> _Instructions to follow_
Transcribe word for word the section of the records below that opens with the line containing "Jual Gudang di Kopo Ada Ipal 2000.0 M²" and closes with the line containing "Springhill Suites By"; drop every picture.

> _Exercise materials_
§ §
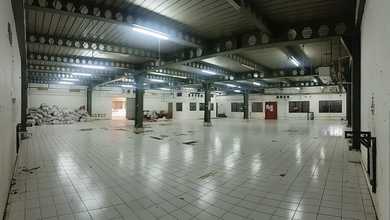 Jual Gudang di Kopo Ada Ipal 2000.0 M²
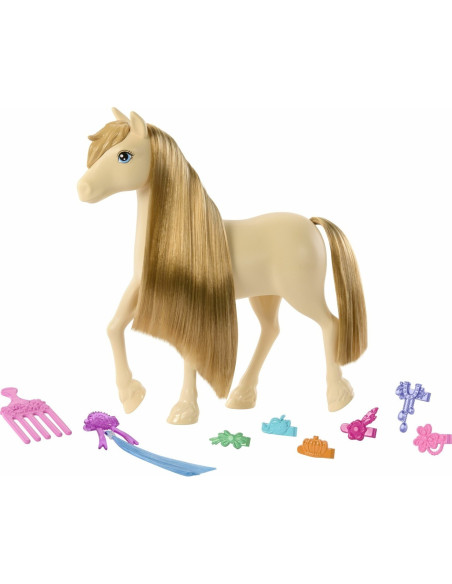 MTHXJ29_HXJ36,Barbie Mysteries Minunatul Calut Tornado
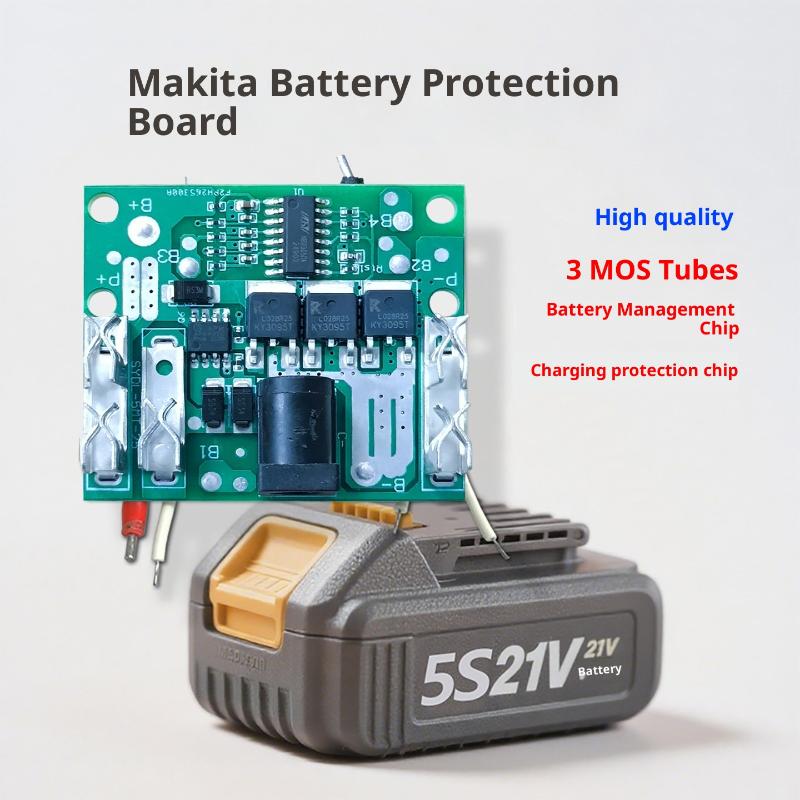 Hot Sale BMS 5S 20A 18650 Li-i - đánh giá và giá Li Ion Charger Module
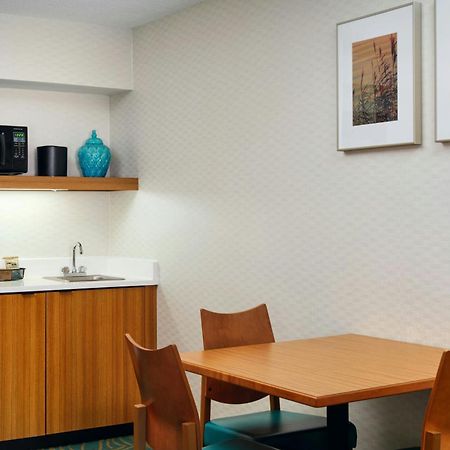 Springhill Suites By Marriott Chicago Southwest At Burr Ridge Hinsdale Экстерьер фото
§ §
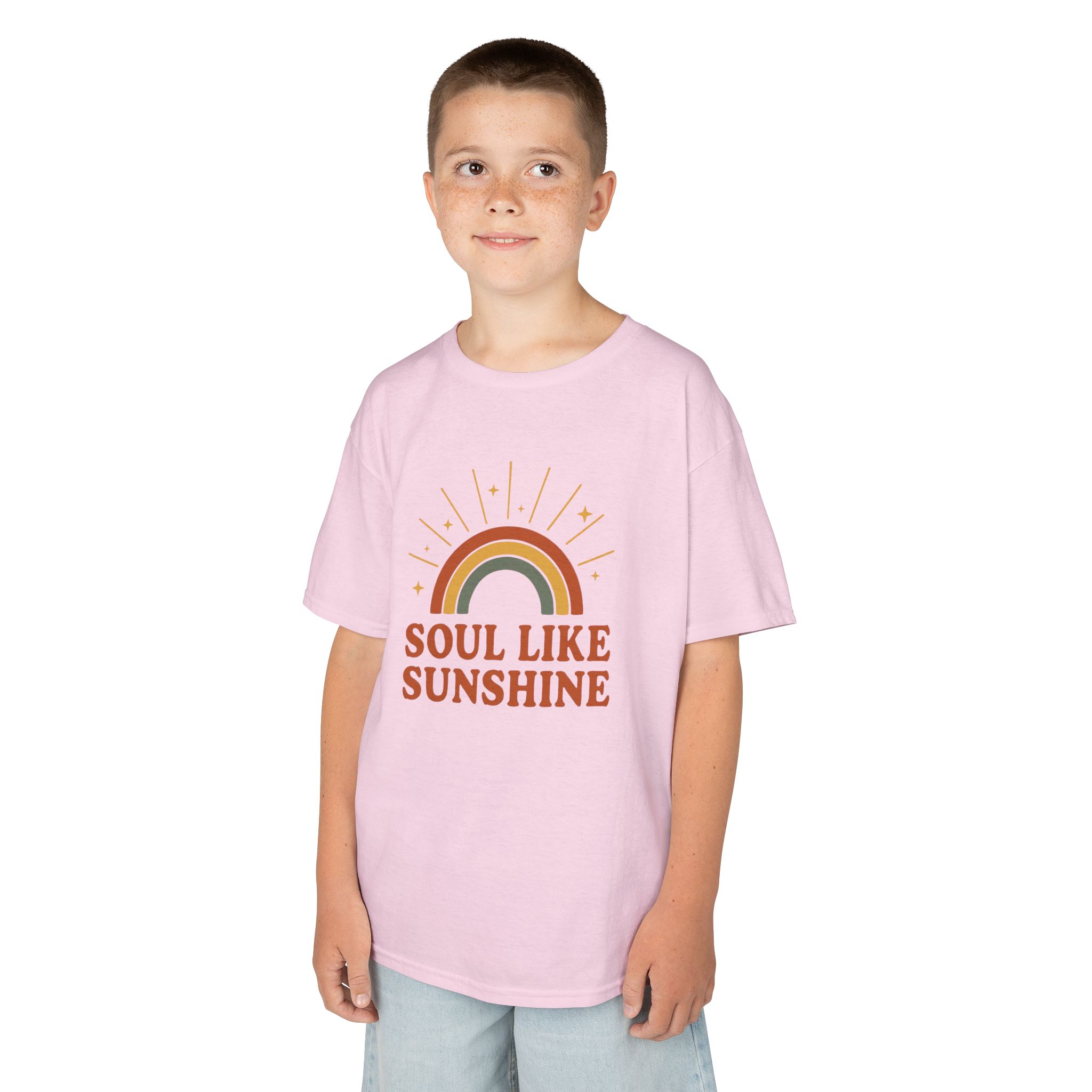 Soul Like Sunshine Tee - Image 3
§ §
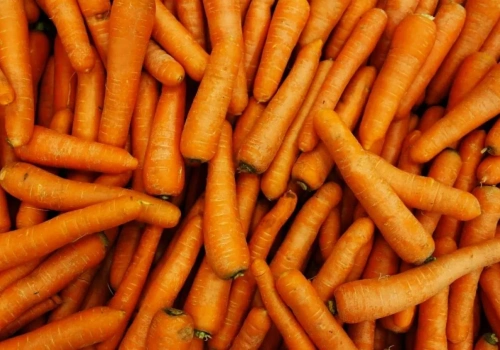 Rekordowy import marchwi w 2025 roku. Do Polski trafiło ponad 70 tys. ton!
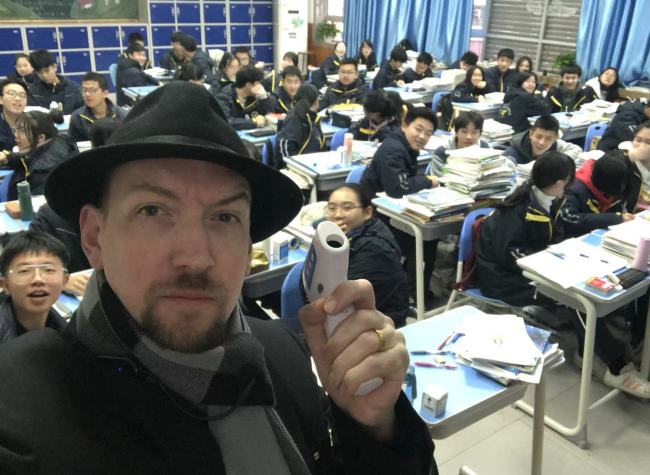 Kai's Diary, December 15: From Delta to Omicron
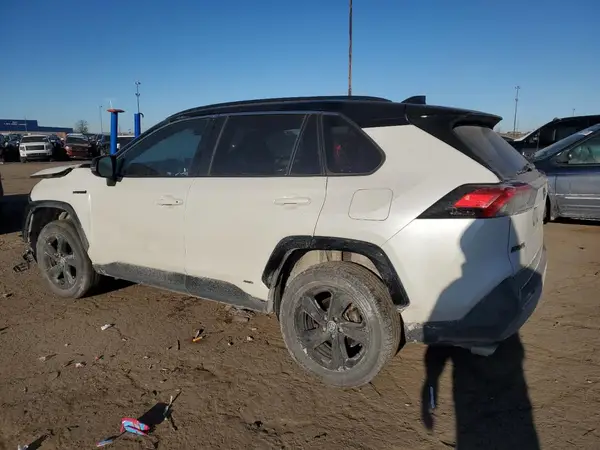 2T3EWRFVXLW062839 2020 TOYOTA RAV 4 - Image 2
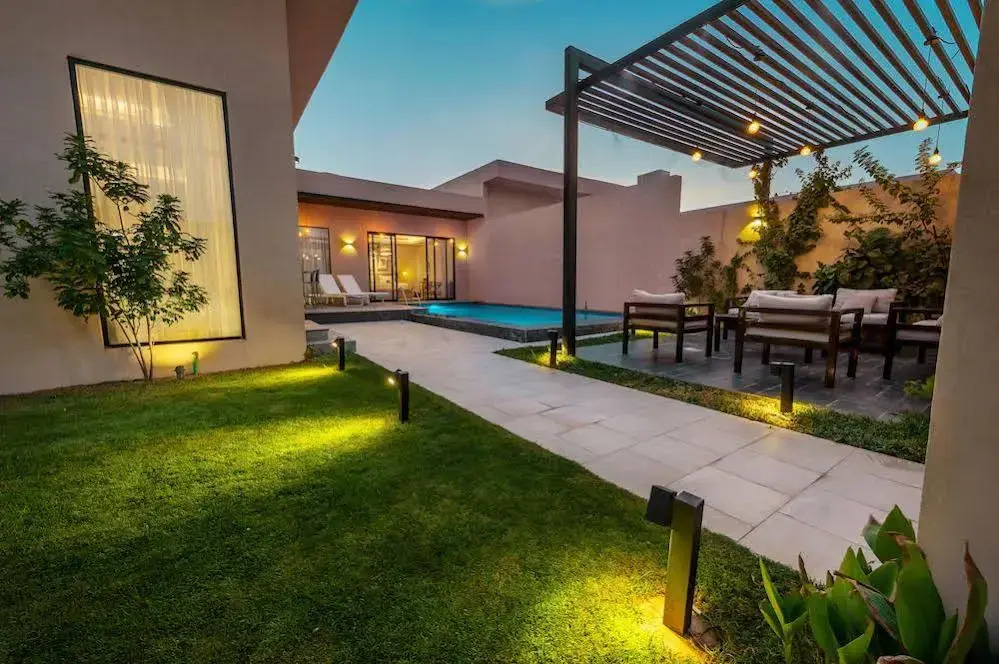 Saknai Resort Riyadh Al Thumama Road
§ §
> _Result for this task_
 Jual Gudang di Kopo Ada Ipal 2000.0 M²
 MTHXJ29_HXJ36,Barbie Mysteries Minunatul Calut Tornado
 Hot Sale BMS 5S 20A 18650 Li-i - đánh giá và giá Li Ion Charger Module
 Springhill Suites By Marriott Chicago Southwest At Burr Ridge Hinsdale Экстерьер фото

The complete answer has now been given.